Among the serious contaminants in the sea documented by the U.S. Department of the Interior and the Bureau of Reclamation (USBR) are boron and organochloride pesticide residues. Selenium is an essential element, but is known to negatively affect wildlife when it bioaccumulates in animals higher up in a food chain or web. As seen in other irrigated parts of the West, it can be fatal or cause defective development in wildlife. In the Salton Sea it is present in the irrigation water at a low level—1 part per billion (ppb)—but it is much higher in some animals and sediment. Like the high salinity, it may be contributing to physiological stress, weakening animals’ immune systems.
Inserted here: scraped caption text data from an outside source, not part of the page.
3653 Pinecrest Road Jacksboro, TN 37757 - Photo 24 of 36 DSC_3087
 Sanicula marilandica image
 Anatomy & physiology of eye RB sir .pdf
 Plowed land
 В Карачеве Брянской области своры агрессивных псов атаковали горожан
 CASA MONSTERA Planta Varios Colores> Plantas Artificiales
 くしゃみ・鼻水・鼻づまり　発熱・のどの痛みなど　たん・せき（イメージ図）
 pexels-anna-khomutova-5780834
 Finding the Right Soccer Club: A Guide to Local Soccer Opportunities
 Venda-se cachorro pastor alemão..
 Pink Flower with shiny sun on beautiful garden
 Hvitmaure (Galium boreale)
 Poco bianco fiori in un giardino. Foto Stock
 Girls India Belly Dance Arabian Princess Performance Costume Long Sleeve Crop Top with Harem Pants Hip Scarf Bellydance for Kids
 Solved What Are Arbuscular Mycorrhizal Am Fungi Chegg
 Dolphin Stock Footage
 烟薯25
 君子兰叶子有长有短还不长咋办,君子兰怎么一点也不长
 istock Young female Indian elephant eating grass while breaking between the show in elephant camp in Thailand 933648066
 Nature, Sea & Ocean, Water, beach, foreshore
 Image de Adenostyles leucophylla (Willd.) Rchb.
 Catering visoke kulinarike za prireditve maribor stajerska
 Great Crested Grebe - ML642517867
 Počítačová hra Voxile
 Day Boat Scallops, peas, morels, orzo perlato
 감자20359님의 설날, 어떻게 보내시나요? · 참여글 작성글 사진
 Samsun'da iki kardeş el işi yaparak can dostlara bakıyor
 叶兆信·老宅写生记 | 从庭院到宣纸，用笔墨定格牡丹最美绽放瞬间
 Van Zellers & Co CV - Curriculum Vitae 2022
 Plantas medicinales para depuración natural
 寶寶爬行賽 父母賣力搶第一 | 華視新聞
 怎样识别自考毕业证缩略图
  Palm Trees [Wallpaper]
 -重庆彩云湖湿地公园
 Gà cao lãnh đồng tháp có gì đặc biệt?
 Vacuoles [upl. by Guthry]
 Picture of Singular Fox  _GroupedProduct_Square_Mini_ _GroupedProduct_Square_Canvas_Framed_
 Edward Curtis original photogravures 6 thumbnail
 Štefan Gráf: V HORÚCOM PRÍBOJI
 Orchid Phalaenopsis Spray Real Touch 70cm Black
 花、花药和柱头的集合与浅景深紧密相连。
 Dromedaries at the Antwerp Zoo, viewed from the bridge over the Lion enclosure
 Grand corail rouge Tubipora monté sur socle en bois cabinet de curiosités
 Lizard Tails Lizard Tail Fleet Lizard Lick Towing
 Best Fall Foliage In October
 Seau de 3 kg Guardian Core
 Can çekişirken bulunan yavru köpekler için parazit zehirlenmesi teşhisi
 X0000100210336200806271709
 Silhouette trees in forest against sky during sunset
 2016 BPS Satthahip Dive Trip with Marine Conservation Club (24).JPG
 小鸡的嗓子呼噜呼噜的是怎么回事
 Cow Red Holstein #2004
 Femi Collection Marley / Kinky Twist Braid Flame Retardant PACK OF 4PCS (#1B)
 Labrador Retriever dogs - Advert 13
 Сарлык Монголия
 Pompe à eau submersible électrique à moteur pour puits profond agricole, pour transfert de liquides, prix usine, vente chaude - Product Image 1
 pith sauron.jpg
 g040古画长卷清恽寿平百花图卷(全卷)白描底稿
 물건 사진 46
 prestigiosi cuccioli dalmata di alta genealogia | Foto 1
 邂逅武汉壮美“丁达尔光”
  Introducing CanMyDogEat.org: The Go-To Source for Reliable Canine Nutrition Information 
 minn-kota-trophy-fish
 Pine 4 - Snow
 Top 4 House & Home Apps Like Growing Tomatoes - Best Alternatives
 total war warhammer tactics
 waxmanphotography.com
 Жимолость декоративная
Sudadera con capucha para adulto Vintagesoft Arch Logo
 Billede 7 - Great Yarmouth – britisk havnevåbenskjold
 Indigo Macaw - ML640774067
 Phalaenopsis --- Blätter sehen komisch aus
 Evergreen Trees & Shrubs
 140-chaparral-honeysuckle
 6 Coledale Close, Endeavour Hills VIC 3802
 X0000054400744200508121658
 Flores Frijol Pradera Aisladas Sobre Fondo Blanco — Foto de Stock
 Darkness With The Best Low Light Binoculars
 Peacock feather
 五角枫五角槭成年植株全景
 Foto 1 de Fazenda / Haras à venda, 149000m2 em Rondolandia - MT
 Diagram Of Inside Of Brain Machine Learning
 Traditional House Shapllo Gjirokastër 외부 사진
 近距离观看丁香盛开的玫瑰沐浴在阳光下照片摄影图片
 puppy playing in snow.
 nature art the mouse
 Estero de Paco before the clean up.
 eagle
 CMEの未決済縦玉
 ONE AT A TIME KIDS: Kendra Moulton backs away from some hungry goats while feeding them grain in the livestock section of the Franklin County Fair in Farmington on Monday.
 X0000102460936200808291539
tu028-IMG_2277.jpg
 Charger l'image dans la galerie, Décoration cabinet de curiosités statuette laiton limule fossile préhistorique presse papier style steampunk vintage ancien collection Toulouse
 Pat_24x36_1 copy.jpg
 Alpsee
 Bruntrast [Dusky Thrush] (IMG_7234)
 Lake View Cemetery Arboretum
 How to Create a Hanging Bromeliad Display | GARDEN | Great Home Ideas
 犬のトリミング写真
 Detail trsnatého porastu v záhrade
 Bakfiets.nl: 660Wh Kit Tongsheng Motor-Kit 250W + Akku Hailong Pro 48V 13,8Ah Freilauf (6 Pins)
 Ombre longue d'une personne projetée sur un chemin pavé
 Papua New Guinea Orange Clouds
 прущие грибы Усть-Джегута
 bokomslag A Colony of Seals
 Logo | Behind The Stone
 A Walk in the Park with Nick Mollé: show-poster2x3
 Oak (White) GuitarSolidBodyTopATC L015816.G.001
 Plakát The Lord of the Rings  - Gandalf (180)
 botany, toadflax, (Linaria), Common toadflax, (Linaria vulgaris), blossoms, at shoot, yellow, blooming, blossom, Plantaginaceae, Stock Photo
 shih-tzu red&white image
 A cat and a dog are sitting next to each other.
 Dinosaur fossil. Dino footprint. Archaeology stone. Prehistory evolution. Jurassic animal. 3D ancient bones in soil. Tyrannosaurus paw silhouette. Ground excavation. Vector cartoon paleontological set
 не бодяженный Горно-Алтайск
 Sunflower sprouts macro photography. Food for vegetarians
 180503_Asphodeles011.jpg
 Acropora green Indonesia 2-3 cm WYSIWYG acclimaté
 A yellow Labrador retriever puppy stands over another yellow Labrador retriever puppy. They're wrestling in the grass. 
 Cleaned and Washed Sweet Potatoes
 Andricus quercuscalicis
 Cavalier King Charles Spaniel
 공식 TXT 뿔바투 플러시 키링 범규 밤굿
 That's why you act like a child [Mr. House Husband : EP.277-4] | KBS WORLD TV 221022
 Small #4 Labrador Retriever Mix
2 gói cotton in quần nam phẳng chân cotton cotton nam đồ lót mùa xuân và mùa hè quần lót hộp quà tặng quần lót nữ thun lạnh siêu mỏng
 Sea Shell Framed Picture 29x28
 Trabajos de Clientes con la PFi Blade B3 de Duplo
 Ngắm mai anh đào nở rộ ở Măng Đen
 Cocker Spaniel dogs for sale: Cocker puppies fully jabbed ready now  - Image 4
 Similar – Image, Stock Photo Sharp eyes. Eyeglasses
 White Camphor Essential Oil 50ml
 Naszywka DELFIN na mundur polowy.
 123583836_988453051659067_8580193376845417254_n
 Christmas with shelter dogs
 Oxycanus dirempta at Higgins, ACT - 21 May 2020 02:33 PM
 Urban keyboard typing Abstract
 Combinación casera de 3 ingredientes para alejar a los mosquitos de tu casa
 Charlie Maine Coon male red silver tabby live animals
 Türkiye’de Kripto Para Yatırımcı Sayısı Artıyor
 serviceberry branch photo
Another concern is the ever-increasing demand for water from the cities that draw from the Colorado River. California has long used more than its share, but that will change as other water districts and states upriver withdraw more water. A year of negotiations among California’s three largest water agencies drawing from the Colorado produced an agreement just before the deadline in August, 1999 to reduce the amount of water the state takes from the river. On the first day of 2003, however, three of the eight pumps that diverted Colorado River water to southern California were turned off by order of the U.S. Department of the Interior. A federal deadline set two years earlier for an agreement about reducing the amount of water taken and transferring some water from farms to cities had not been met (The New York Times, 5 January 2003). According to Antonio Rossmann, who teaches land use and water law at the University of California at Berkeley, “officials at Imperial [Irrigation District] could not agree to the transfer because it would have meant choosing one of two equally unacceptable alternatives: letting productive farmland lie fallow to sustain the sea or destroying one of the nation’s largest avian habitats and creating a regional air-quality hazard from the particles that would be emitted if the shoreline of the Salton Sea receded” (The New York Times, 17 January 2003).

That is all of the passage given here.